[RECORDED INFORMATION — start]

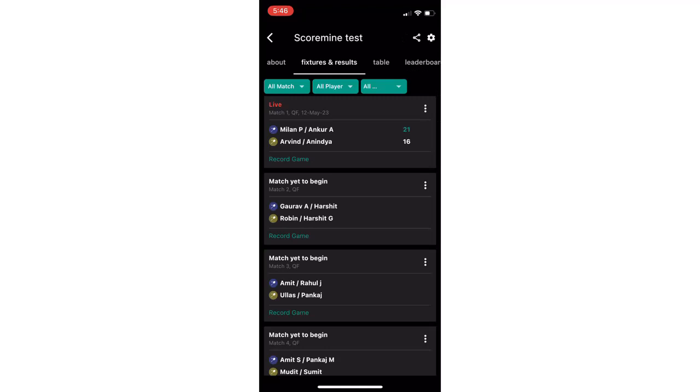Now, for the second set, if you want to do detailed scoring, click on record game, then choose start game.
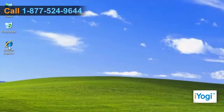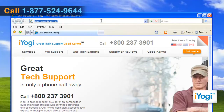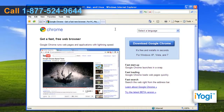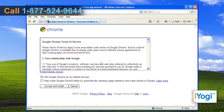Open the web browser on your computer. Type www.google.com/chrome on the address bar of the browser and press Enter. Click on the Download Google Chrome button on the open page. Click on Accept and Install once you read the Google Chrome Terms of Service page.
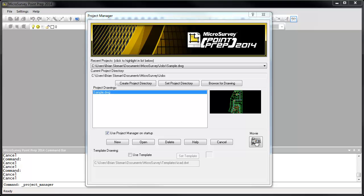Use LandXML files to transfer data between PointPrep and other LandXML compatible software. In this movie, I'm going to create a new drawing and import a LandXML file into it.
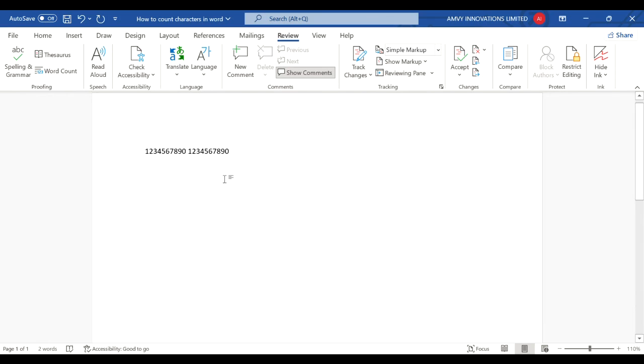So this is how you can find out how many characters are there in your Microsoft Word document. Hope you like this quick trick, thank you.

[RECORDED INFORMATION — finish]

▶ **TO DO**: Reproduce the material word for word, minus the images.

▶ **RESPONSE FOR THIS EXERCISE**:
Now, for the second set, if you want to do detailed scoring, click on record game, then choose start game.
Open the web browser on your computer. Type www.google.com/chrome on the address bar of the browser and press Enter. Click on the Download Google Chrome button on the open page. Click on Accept and Install once you read the Google Chrome Terms of Service page.
Use LandXML files to transfer data between PointPrep and other LandXML compatible software. In this movie, I'm going to create a new drawing and import a LandXML file into it.
So this is how you can find out how many characters are there in your Microsoft Word document. Hope you like this quick trick, thank you.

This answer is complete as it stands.